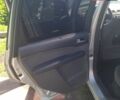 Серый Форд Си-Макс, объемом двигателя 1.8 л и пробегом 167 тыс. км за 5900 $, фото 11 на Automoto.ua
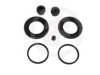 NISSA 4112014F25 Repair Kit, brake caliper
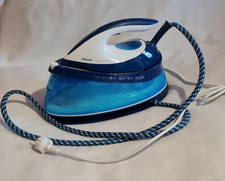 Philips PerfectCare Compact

◆ About this exercise: The data above must be given again in full and unaltered, minus its images.

◆ Task result:
 Серый Форд Си-Макс, объемом двигателя 1.8 л и пробегом 167 тыс. км за 5900 $, фото 11 на Automoto.ua
 NISSA 4112014F25 Repair Kit, brake caliper
 Philips PerfectCare Compact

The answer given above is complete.